O enredo “Passa, passa tempo”, dos compositores Zé Roberto, Adilson Bispo e Valdir Brôa,  soou como uma profecia que não deveria ser cumprida. Um atraso de 20 minutos dos componentes da ala da bateria prejudicou a escola, que teve que interromper e recomeçar o desfile: “Por conta dessa fatalidade,  acabamos voltando para o Grupo 2 (atual Grupo de Acesso B),  ficando em último lugar, atrás da Independente do Cordovil”, conta a ex-componente. Campinho amargou dois anos no grupo B e, em 1995, quando o número de escolas por grupo foi bastante reduzido, acabou amargando uma sucessão de derrotas.
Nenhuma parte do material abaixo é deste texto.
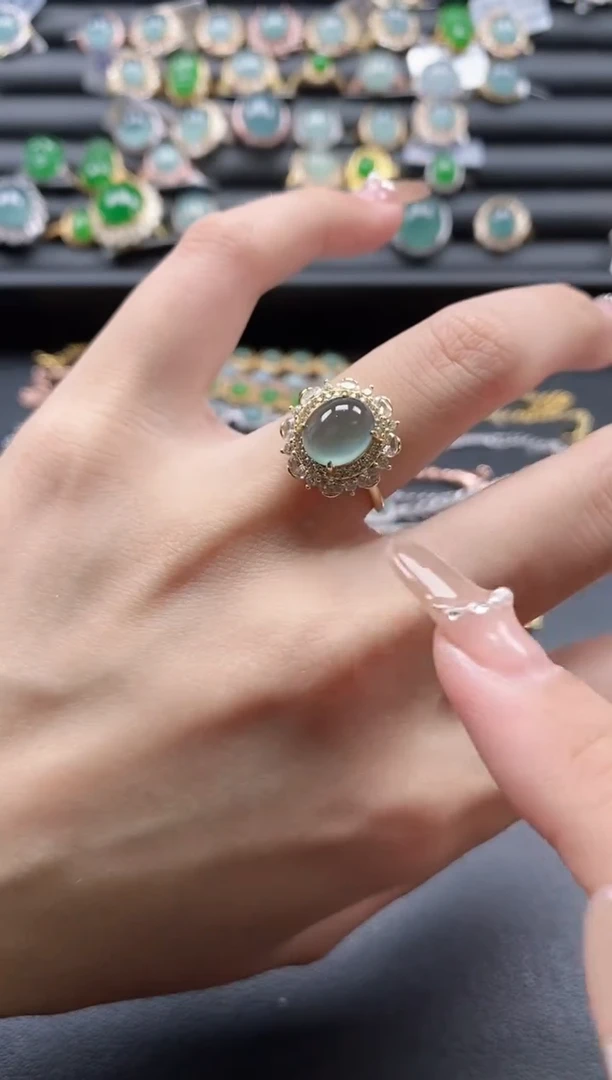 【闪购商品】翡翠戒指银S925镶嵌51151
Para Dona Marly, a Velha Guarda sonhava que aconteceria com a Unidos do Campinho o mesmo que aconteceu com a Rocinha, sua “carrasca” por muitos anos:  uma ascensão meteórica até a chegada ao Grupo Especial.  Ao serem rebaixados, os moradores, surpresos e decepcionados, desistiram de desfilar. Deste ano em diante, escola foi perdendo força.

Uma nova surpresa ainda esperaria por Campinho, tardiamente: em 1996, a escola foi campeã do Grupo de Acesso D. Não tendo conseguido verba para colocar o carnaval na avenida no ano seguinte, a escola foi extinta a partir de 1997. Marly admite: “As pessoas mais velhas não gostam nem de tocar nesse assunto. “É a ‘tristeza do gavião'”,  concorda o jornalista Juninho Tititi, filho de Dona Marly.  Uma foto no jornal O Globo é o nosso único troféu”, relata ele, que é comentarista de carnaval em rádio.

“O morro está triste, o pandeiro calado”

O artista Douglas de Souza até já projetou uma nova bandeira, caso a escola volte a desfilar. (Foto: Reprodução)

O artista Douglas de Souza até já projetou uma nova bandeira, caso a escola volte a desfilar. (Foto: Reprodução)

Hoje, Campinho não tem uma representante na Avenida. Em 2010, houve uma tentativa de retomar a escola, como um bloco carnavalesco chamado G.B.C. Campinho Imperial.  O bloco teve uma carreira breve: desfilou somente dois anos, enrolando bandeira em 2013. Para brincar o carnaval, os moradores do Complexo do Campinho precisam descer o morro e ir até a Estrada Intendente Magalhães, onde acontecem os desfiles dos grupos de Acesso (B, C e D) desde 2004 e os de blocos desde 1989.

Sua quadra, localizada atrás do coreto do morro, que era reduto de sambistas, hoje está abandonada, e serve apenas para abrigar bailes funk e festas promovidas por pessoas que não são da comunidade. Há uma movimentação de reestruturar antigas escolas como aconteceram com Tupy de Brás de Pina, Unidos de Bangu e União de Rocha Miranda, porém Dona Marly diz que o interesse dos jovens da comunidade pelo samba não seja o mesmo: “Os costumes daqui mudaram”, lamenta.